Brian leaned back in his seat. What kind of sick shit have you gotten yourself into, Bri? Michael's worried question echoed in his mind.
He looked at Owen again, who seemed so… normal, everyone's favourite son-in-law, the perfect little breeder through and through – and yet he was a vampire, suffering from the aftermath of some bizarre poison that could kill even the undead. Weird shit didn't even begin to describe the situation.
"Have you ever regretted that he'd rescued you?" he asked.
"When all's been said and done… no, I haven't," Owen had apparently given this a lot of thought, as he answered at once. "I wouldn't deny that this is not the most comfortable existence, but it still beats being dead. I mean, the Final Death kind of dead," he grinned at Brian. "Don't fret. This is not how a proper Embrace usually happens. Most people get over the… unpleasant part in a week. Mine is a special case."
"I don't know if I really want to become a monster," Brian said dryly. "If vampires do such things to ordinary people…"
"Not all vampires," Owen corrected. "The Kindred have their share of psychos just like mortals do. Granted, the share might be somewhat bigger…"
"No kidding," Brian commented. Owen shook his head.
"Mortals can be just as bad… or worse," he said. "The biggest human sacrifice known in history was performed by an Aztec warlord who had twenty thousand captured enemy warriors massacred in a mere four days. Having their hearts cut out while they were still breathing, to satisfy their gods. Not even the Sabbat have ever come close to that. The skull racks of Aztec, Maya and Mochas temples could tell you… interesting things about human nature."
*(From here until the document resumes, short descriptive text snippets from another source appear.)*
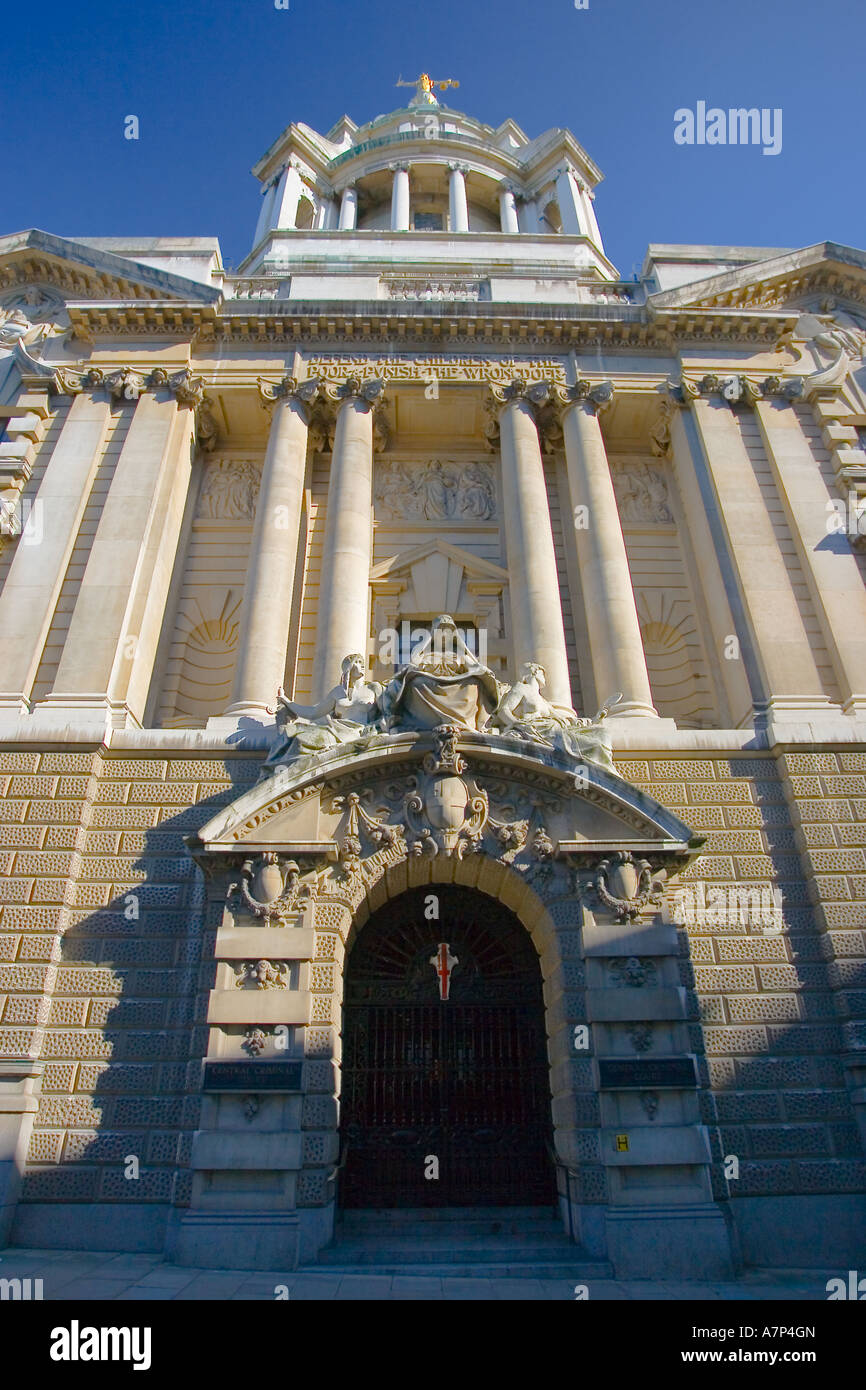 Old Bailey Tribunal Penal Central London UK Foto de stock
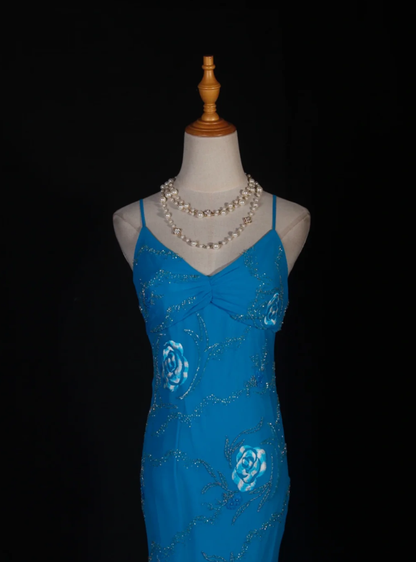 Pretty Blue Spaghetti Straps Embroidery Floral Chiffon Beaded Mermaid Long Prom Dress Party Gowns
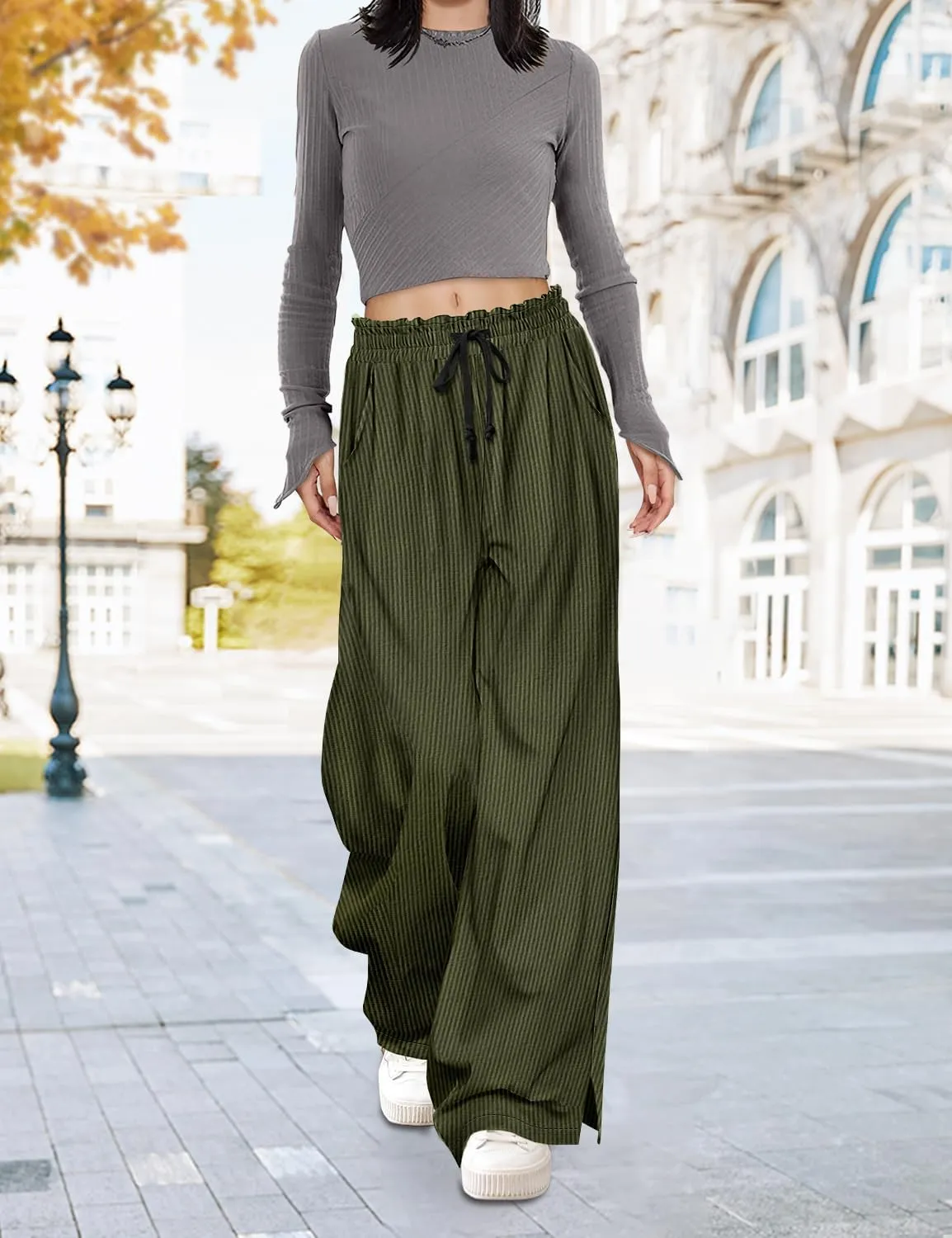 YESNO Corduroy Wide Leg Pants for Women Drawstring Elastic High Waist Slit Palazzo Casual Loose Trousers with Pockets PC0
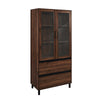 68" Classic Glass Door Bookcase in Dark Walnut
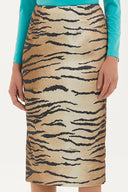 Beige Printed midi Slim-fit skirt  80745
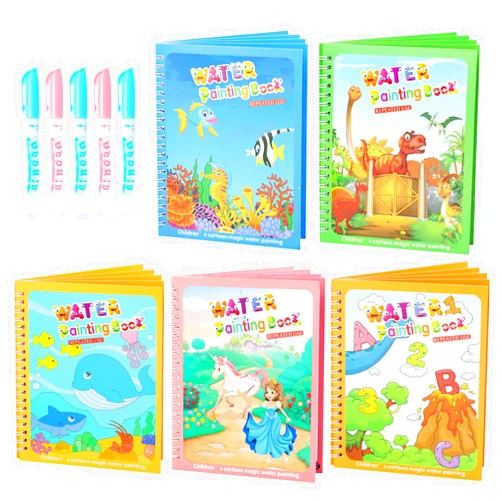 CMTOOP 5 Pack Reusable Water Coloring Book for Toddlers, Water Doodle Book Toys, Paint with Water Books,Mess-Free Coloring Book, Portable Educational Doodle Drawing Toy, Educational Learning Kits Gifts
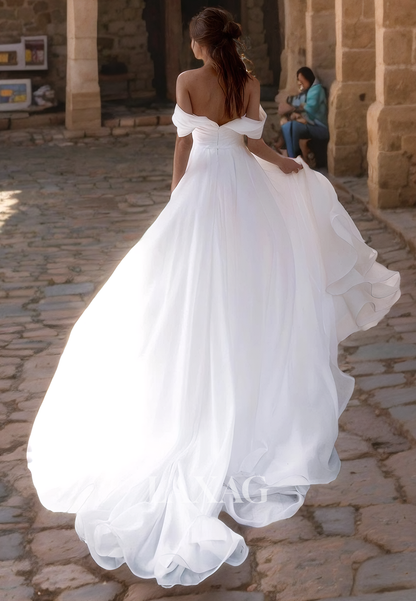 A-Line Off Shoulder Sleek Satin High Slit Elegant Wedding Dress with Train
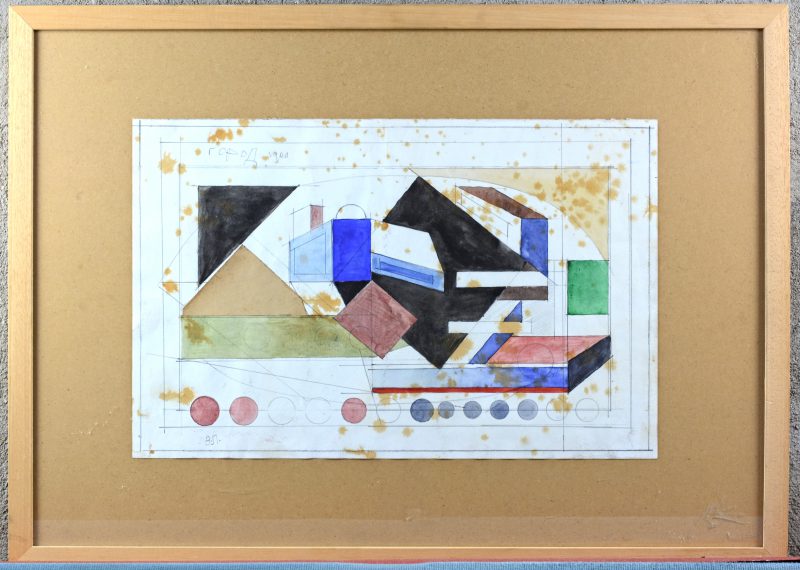 “Compositie met vlakken”. Potlood en aquarel op papier. Russische school, gemonogrammeerd.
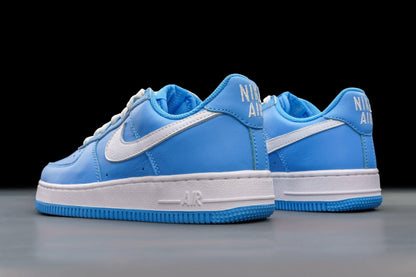 University Blue & White Nike Air Force 1 Low with Metallic Gold Accents
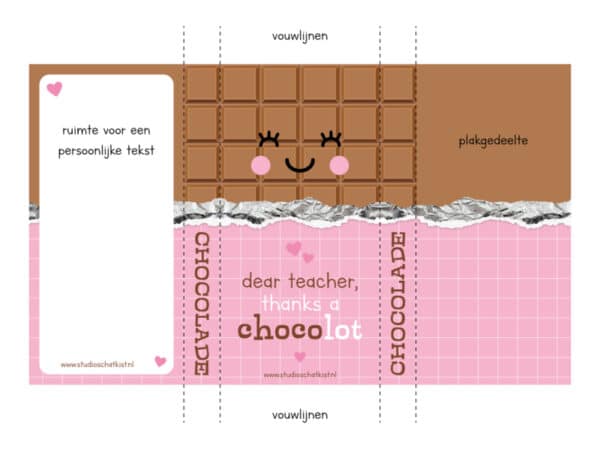 Chocoladewikkel- Lieve Juf thanks a CHOCOlot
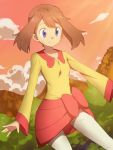  1girl bad_id blue_eyes bow brown_hair cosplay haruka_(pokemon) iris_(pokemon) iris_(pokemon)_(cosplay) maruki_(punchiki) no_bandana no_hat no_headwear pokemon pokemon_(anime) short_hair short_twintails skirt smile solo twintails 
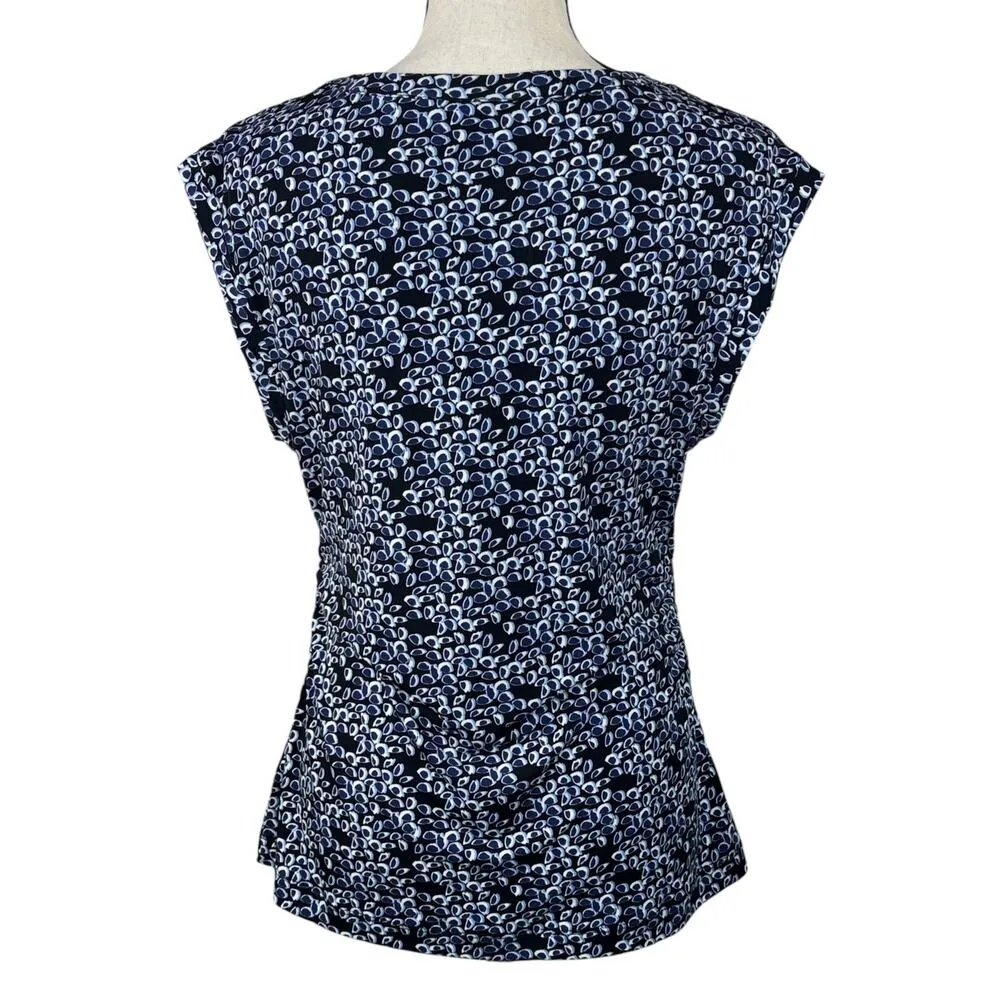 Tahari Medium Top Abstract Ruched Stretch Pleated Neck Cap Sleeves Navy Blue - Image 5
"I thought you were an English major, not an historian," Brian said. Owen shrugged.
"I am. But we're all supposed to be well-versed in history; both human and Kindred one. Besides, this is a pet project of mine… for personal reasons, as you might think." He yawned. "It was nice to talk to you, Brian. I hope we run into each other again while you are here."
The dismissal surprised – and annoyed – Brian a little, as he had certain…. Ideas concerning Owen. Vampire or not, the guy was gorgeous; and besides, Brian had been boinking the undead since his arrival to LA, so what would one more count?
"You've gotten very busy, all of a sudden?" he asked, mildly irritated.
"Nah," Owen smiled. "You have."
Brian turned around and saw Alain standing in the doorframe, watching them with unreadable eyes. Eyes that glowed in that unholy, silver gleam again.